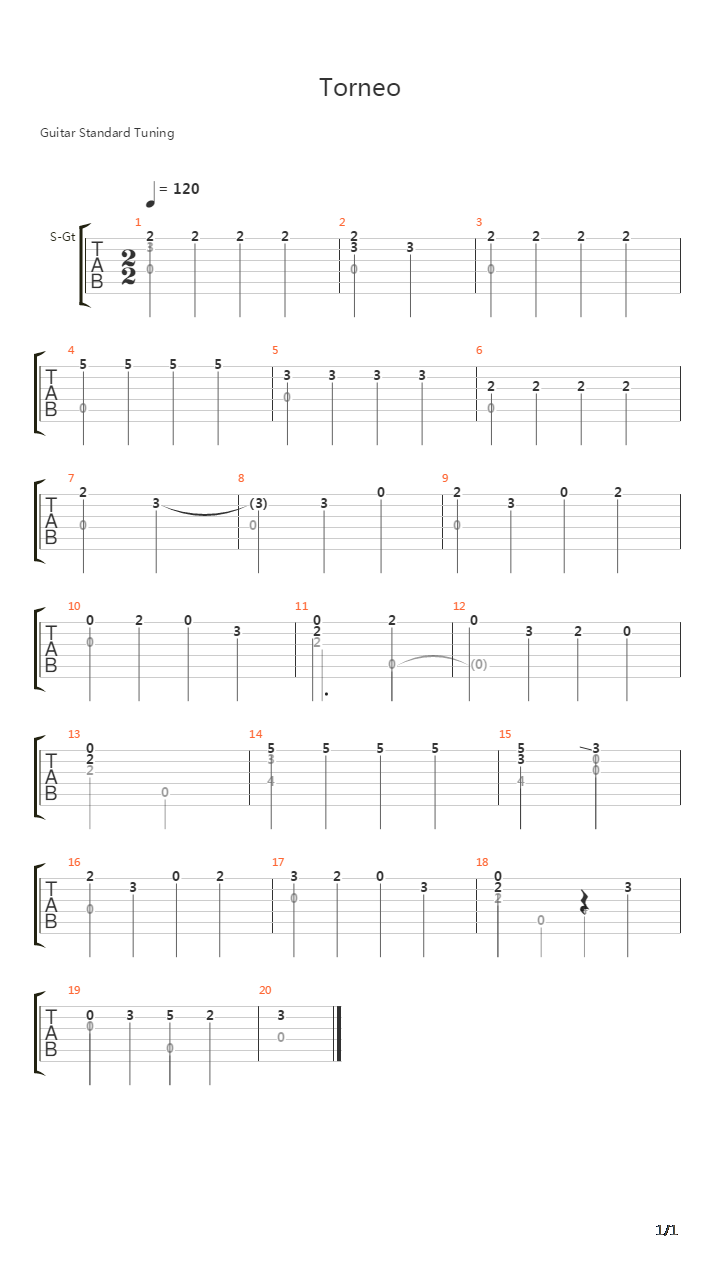 Torneo吉他谱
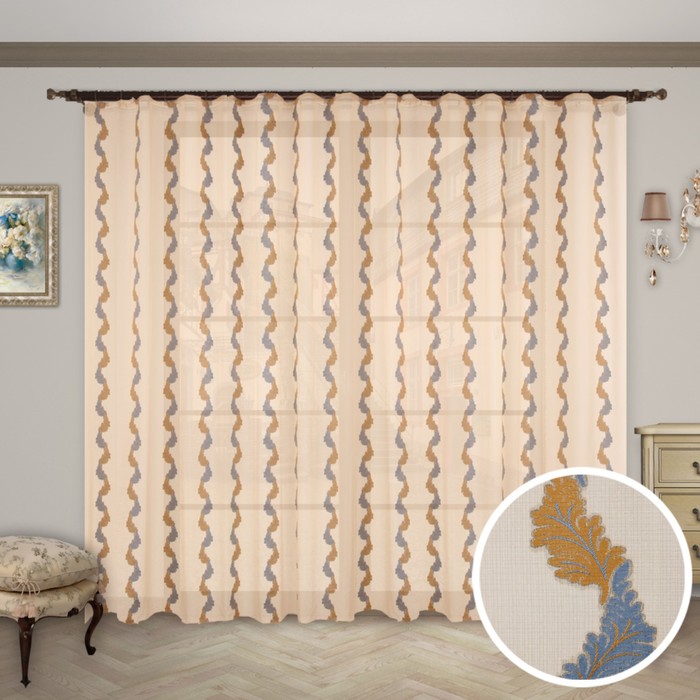 Штора "Мелодия", размер 280х400 см-1 шт., органза цвет 521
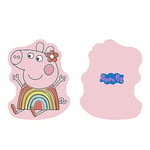 Character World Official Peppa Pig Shaped Cushion, Super Soft Reversible 2 Sided, Playful Peppa Design Pink Pillow, Perfect for the Bedroom or on the Sofa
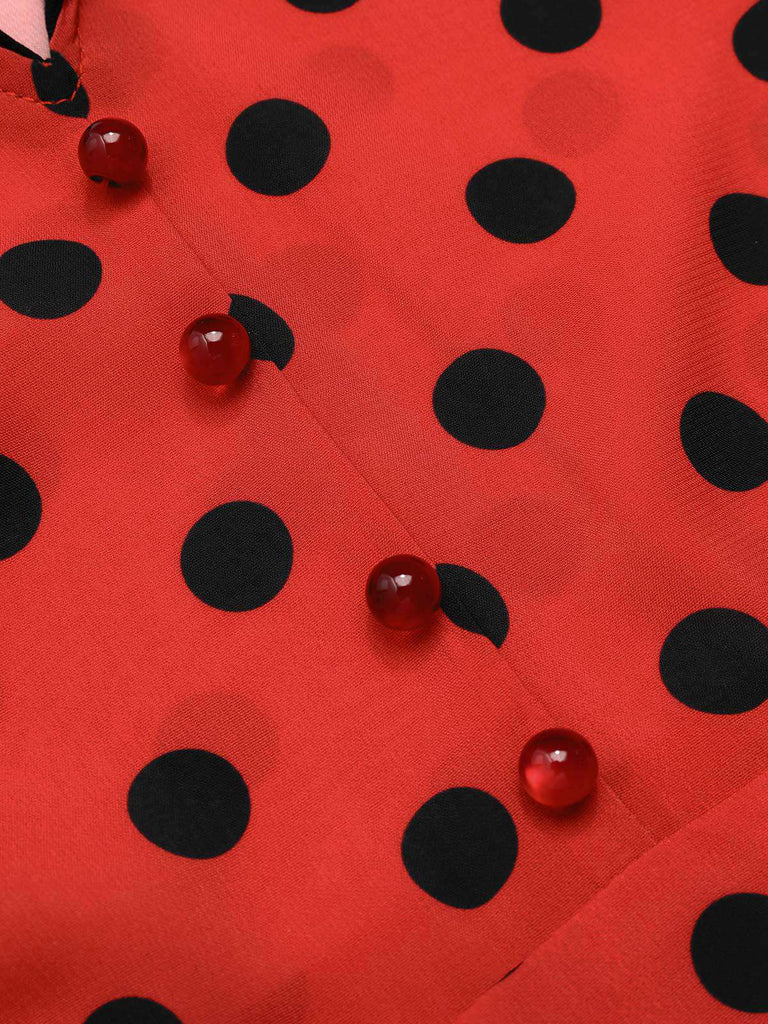 Deep Red 1950s V-Neck Polka Dots Lapel Dress
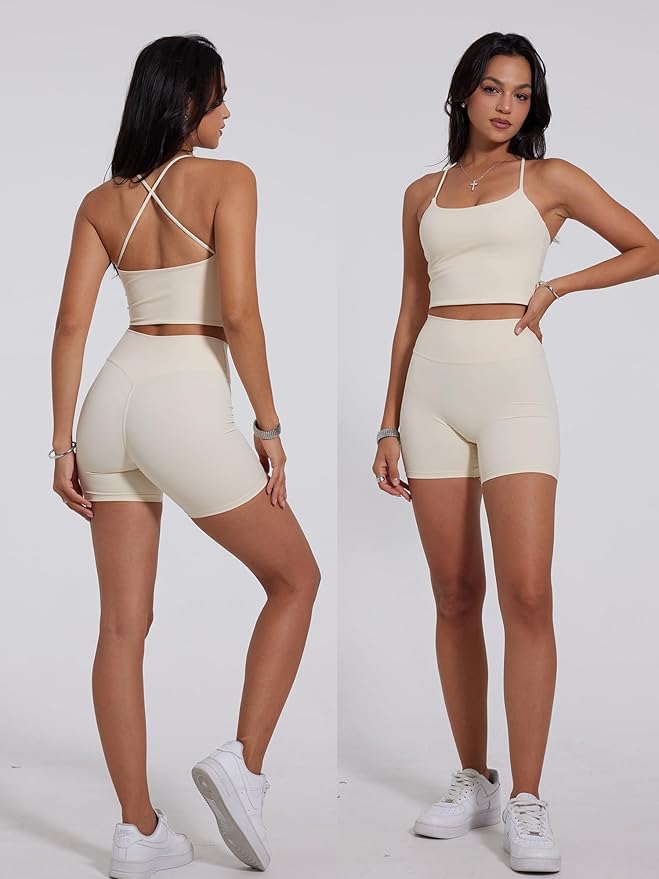 Danysu Sculpt Workout Tank Tops Women Backless Longline Sports Bras Strappy Padded Yoga Top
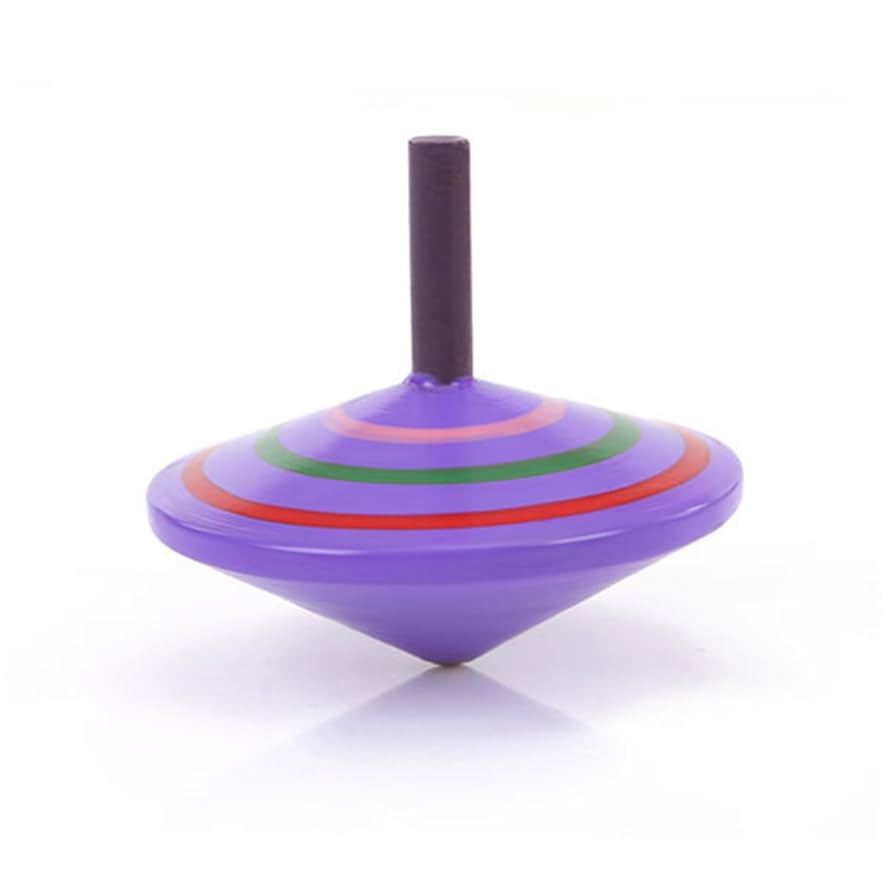 Amazon | BRIGHTFUFU 5個 手回しごま 手回しコマ コマ 木製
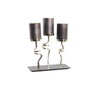 DKD Home Decor Portavelas de Cristal y Aluminio LEITH, 3 Velas, Gris/Dorado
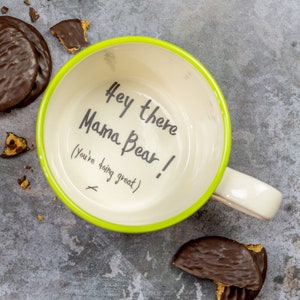 Hey there Mama Bear New mum gift, hidden supportive message cup for new moms mama bear cup image 1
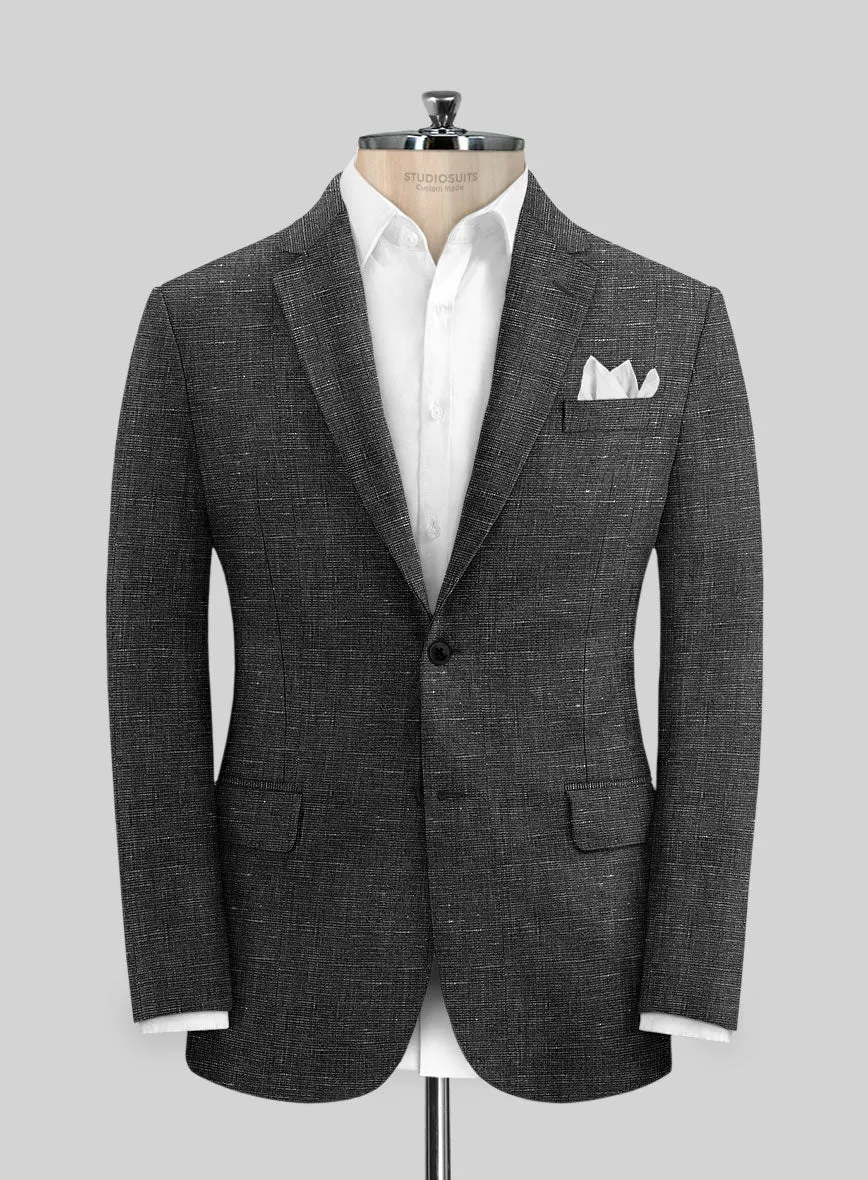 Italian Prato Black Chambray Linen Jacket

========

■ TASK OBJECTIVE
For the records above, give every line again exactly and skip the pictures.

■ RESPONSE FOR THIS EXERCISE
 Torneo吉他谱
 Штора "Мелодия", размер 280х400 см-1 шт., органза цвет 521
 Character World Official Peppa Pig Shaped Cushion, Super Soft Reversible 2 Sided, Playful Peppa Design Pink Pillow, Perfect for the Bedroom or on the Sofa
 Deep Red 1950s V-Neck Polka Dots Lapel Dress
 Danysu Sculpt Workout Tank Tops Women Backless Longline Sports Bras Strappy Padded Yoga Top
 Amazon | BRIGHTFUFU 5個 手回しごま 手回しコマ コマ 木製
 DKD Home Decor Portavelas de Cristal y Aluminio LEITH, 3 Velas, Gris/Dorado
 Hey there Mama Bear New mum gift, hidden supportive message cup for new moms mama bear cup image 1
 Italian Prato Black Chambray Linen Jacket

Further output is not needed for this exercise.